Hacker News new | ask | show | jobs
by jitl 697 days ago
With any collaborative application, you need to start with a conceptual framework for the edits a user may perform, and how to best preserve the intention of the user (1) and the coherency of the resulting document (2) when any such edits may occur asynchronously. Even if a document is data-intensive in its concrete representation, the way you encode the user's discrete edits & operations can still be tiny.
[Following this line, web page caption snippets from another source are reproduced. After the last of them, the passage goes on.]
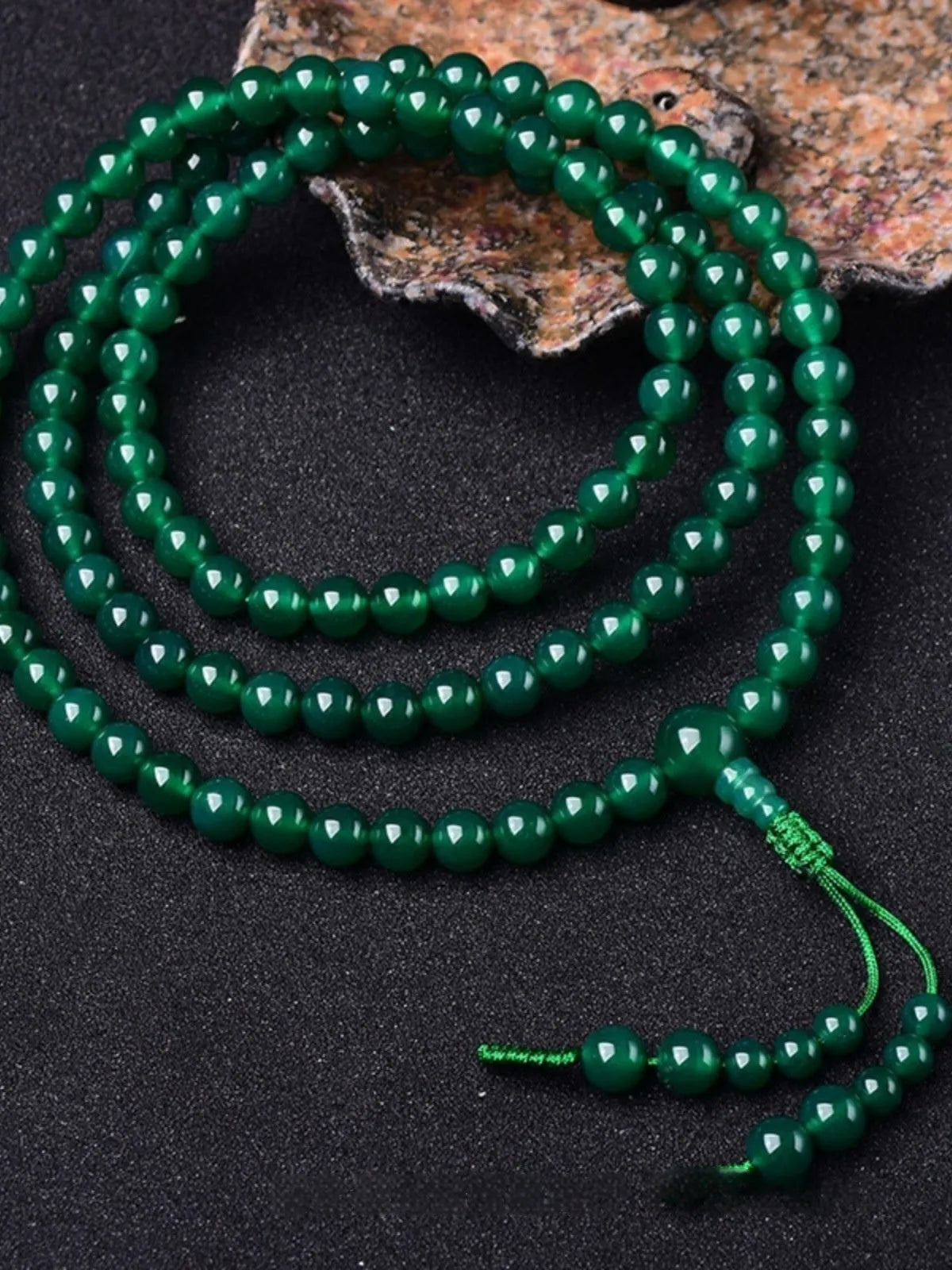 Green agate multi-circle bracelet with 108 beads and a pendant, showing Buddha beads or Thangka style options.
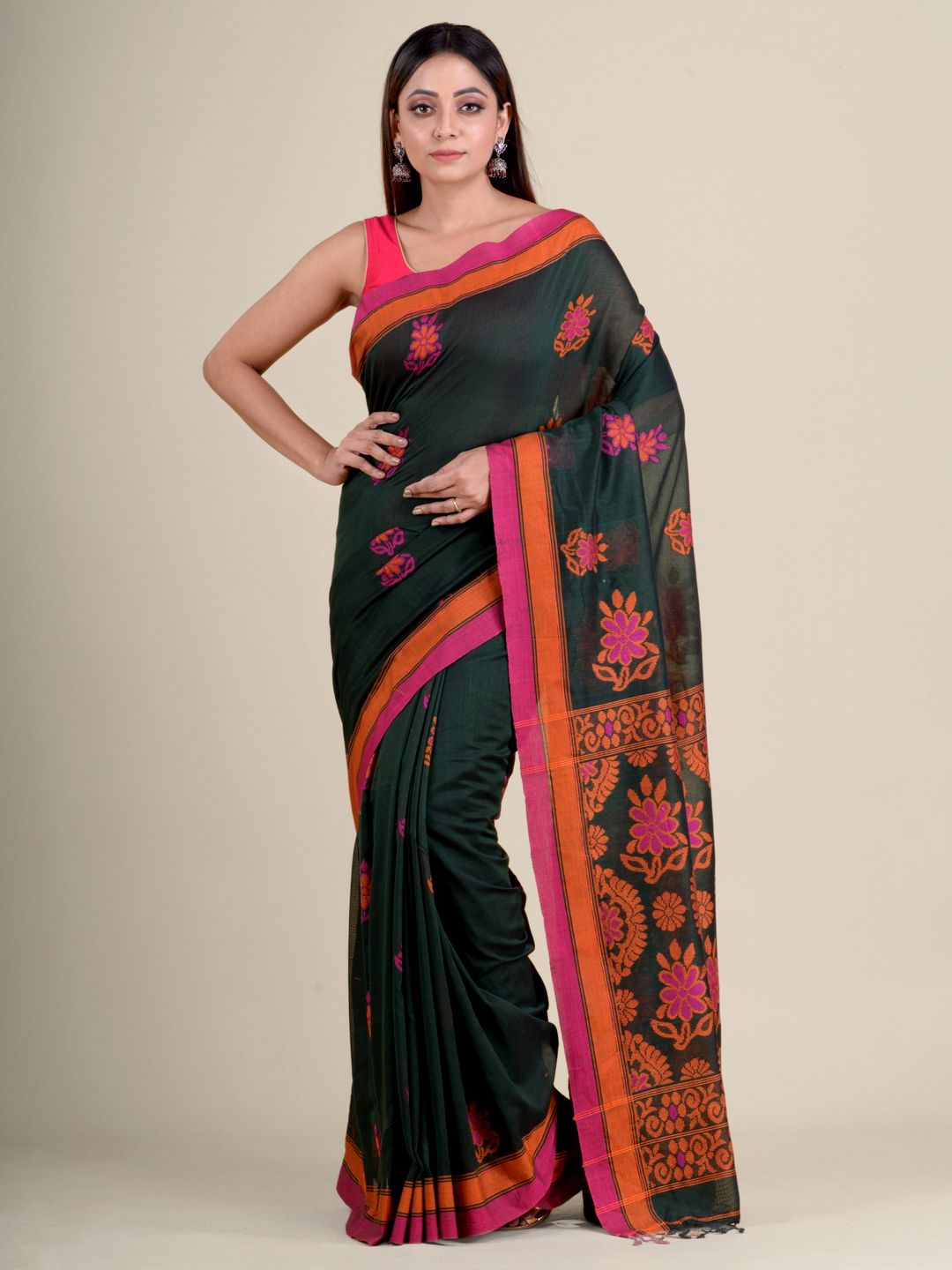 Green soft Cotton handwoven saree with floral design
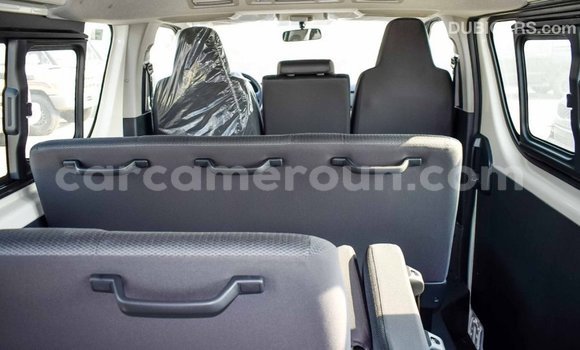 Sayi Imported Toyota Hiace White Mota in Import - Dubai a Adamawa Sayi Imported Toyota Hiace White Mota in Import - Dubai a Adamawa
Let's say we're building an image editor like Photoshop. An uncompressed 102 megapixel image with 16-bit color depth per channel (a photo from a Fujifilm GFX100 camera) would be about 610 MB as a TIFF. Representing each pixel of the image as a separate last-write-wins register would impose a high overhead, but such a representation doesn't actually make any sense to preserve a user's intention. The edits the user will perform are things like "increase image contrast by 15%" or "paint spline [(0,0), (1500, 1500)] with brush Q and color #000". If we sync each pixel by lamport timestamp, we could end up with user 1's contrast applying to all pixels except for those painted by user 2, which would give a weird looking image with painted-over pixels looking out of place.
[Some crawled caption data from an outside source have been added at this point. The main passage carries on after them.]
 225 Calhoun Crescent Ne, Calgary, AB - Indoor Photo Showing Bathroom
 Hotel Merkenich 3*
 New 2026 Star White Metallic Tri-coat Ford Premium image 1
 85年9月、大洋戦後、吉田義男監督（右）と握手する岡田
Instead you'd probably want to represent user intention as a list of edit operations, which are much smaller than a whole 102MB pixel grid. A CRDT data structure is one possible technical mechanism perform to synchronize that user intent, but you pick the structure to match the user intent semantics, not to match the concrete data layout of your output.

You may still end up having edit operations that contain massive amounts of data, like "add new layer named `bg` below layer `fg` with pixels `data:(10mb of pixels)` at (1500, 1500)". But the overhead for the synchronization of that kind of edit command is very low, it's size is O(1), not O(pixels in the edit command).